A Matter of Character

“You can easily judge the character of a man by how he treats those who can do nothing for him.”
—attributed to various people, but mostly Malcolm Forbes

This week when reports started surfacing about Dr. Ronny Jackson, the nominee to lead Veterans Affairs, I said to my husband, “I know that guy.” I don’t actually know him, of course, but I know his type.

When I was in my mid-twenties, I worked at a television station in Texas. One morning I needed to get into one of the studio production booths. It was locked. One of the senior engineers handed me a key on an enormous, heavy key ring. It didn’t work. I jiggled the key. I pulled it in and out, but it wouldn’t open the door. I wondered if he’d shown me the wrong key and I proceeded to try every one of the approximately three dozen keys on the ring. Nothing. Finally, I went back downstairs and told him I couldn’t get the door open.

“Are you an idiot?” he said.

I was stunned. I felt my face turn purple and I think my heart stopped. I stared at him. I didn’t know how to respond. He continued to dress me down with a series of scathing insults about my intelligence. To be clear, I barely knew this guy. Our jobs did not overlap. It’s not like he was basing his insults on some history of bad performance, though that would not have been any excuse for his behavior. It was irrational and a little frightening. He insisted that I follow him upstairs so he could demonstrate the basics of key usage. He berated me as we ascended three flights, his voice booming in the empty stairwell. It was early and most of the staff wouldn’t be in for another hour or so. I realized I was alone with a lunatic.

Upstairs, he jammed the key in the door and nothing happened. He jiggled the key. Nothing. He then performed some odd series of maneuvers which involved pulling the key out of the lock just a hair, tilting it upward, and turning while holding the knob in his other hand. Nothing. Finally, he pulled another key from his pocket and opened the door. “See,” he screamed at me. “That’s how a key works.”

I retrieved the item I needed and walked away without responding. As soon as my boss came in that morning, I told him about the incident. I said it was unacceptable and I wouldn’t put up with it. My boss was surprised and wondered if the engineer was having some sort of personal crisis. I didn’t know and I didn’t care. I avoided him for the remainder of my time at that job.

In the weeks after the key incident, a number of my coworkers told me about their own run-ins with this engineer. All of the people he’d lashed out at were women, most of them young. With his peers or with his bosses, he was professional and friendly. With anyone he deemed beneath him? He was a jerk.

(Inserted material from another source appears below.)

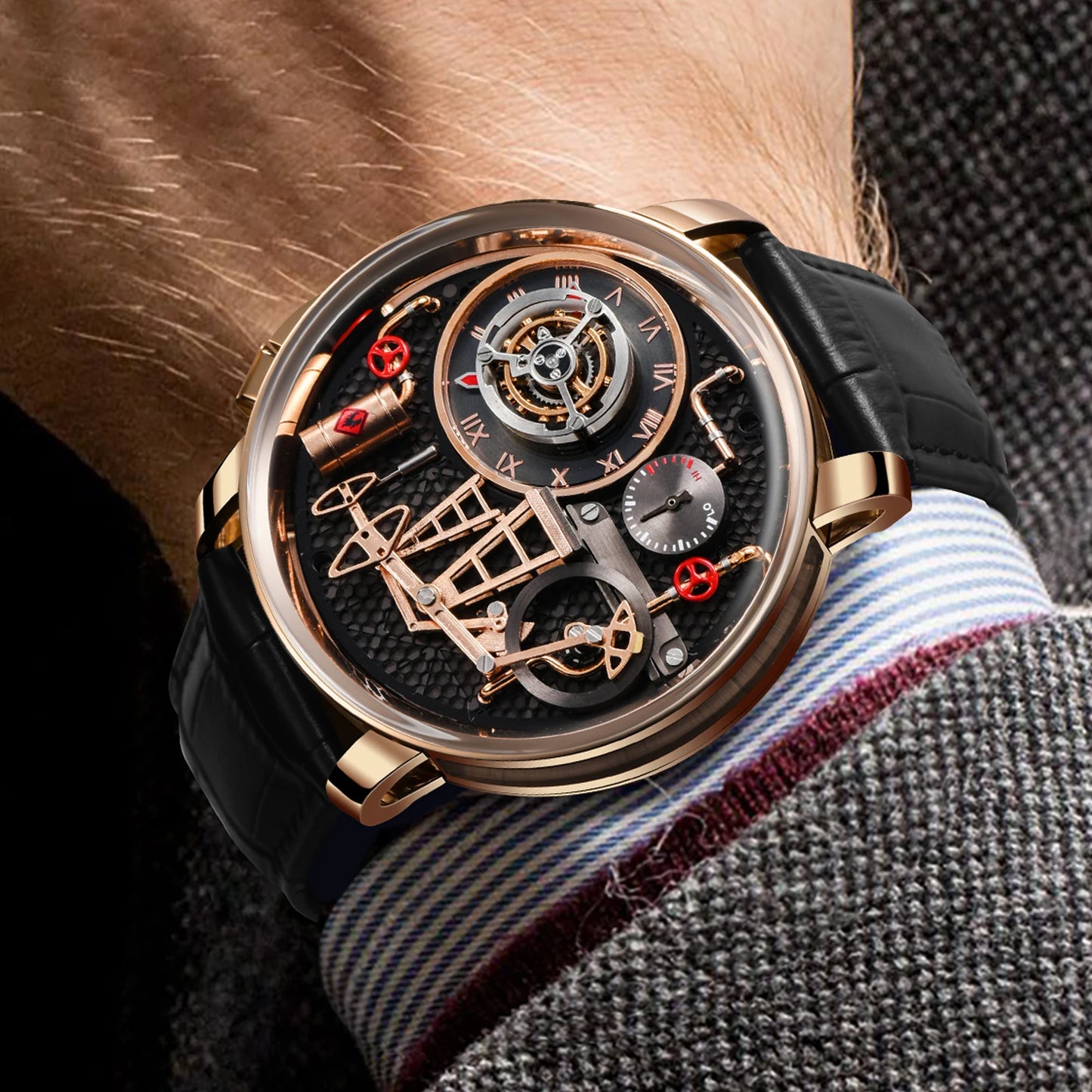 PINDU Design New Button Oil Pump Quartz Watch for Men Swiss Quartz 762 Movement Sapphire Waterproof Stainless Steel Men's Watch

Years later I ran into him at a conference. At that point I’d moved on to a management position at a station in a larger market and he was trying to start his own business. He greeted me warmly, said we should get together for coffee. It was like he didn’t remember that our one meaningful interaction involved him calling me names and shouting at me. To hear him talk, you’d think we’d been close friends. It was bizarre. We did not have coffee.

This sort of behavior is not as unusual as it should be in the workplace. I experienced other instances of similar behavior from several men over the course of my years working in offices, though none as bizarre as that one. But I came to recognize a particular type of man, the sort who is high achieving and respected by his bosses, but despised by everyone else. In Jackson’s case, the media focused on reports of excessive drinking and the allegations that he was a little too free with the opiates, but I’m more interested in those reports that he created a hostile work environment. Many people seemed flabbergasted that someone who received such glowing praise from several presidents could possibly be the same man who treated his employees so terribly. I wasn’t flabbergasted. I thought it sounded all too familiar.

This morning, Jackson withdrew from the nomination. He won’t be leading Veterans Affairs and I suspect his career has taken a hit. This administration might keep him on as White House doctor, but it’s hard to imagine a future president making that decision.

I don’t know whether Jackson handed out pills inappropriately or whether he drank on the job, but the fact is that most of this might never have come to light if he’d treated his employees with more respect. The people who worked beneath him have said they worked in fear, because Jackson was prone to fits of temper and to lashing out against them. He ranted. He yelled. He didn’t lose his temper in front of the people with the power to advance his career, but he treated his subordinates terribly. Maybe he’s a great doctor, but he is clearly a bad boss and a bad leader. A good boss inspires hard work and loyalty. Jackson inspires resentment and fear.

Ronny Jackson spent his career kissing up to people in power, but he was brought down by the people who could do nothing for him. It’s a good reminder to treat everyone as if they have the power to change your life, because someday they just might.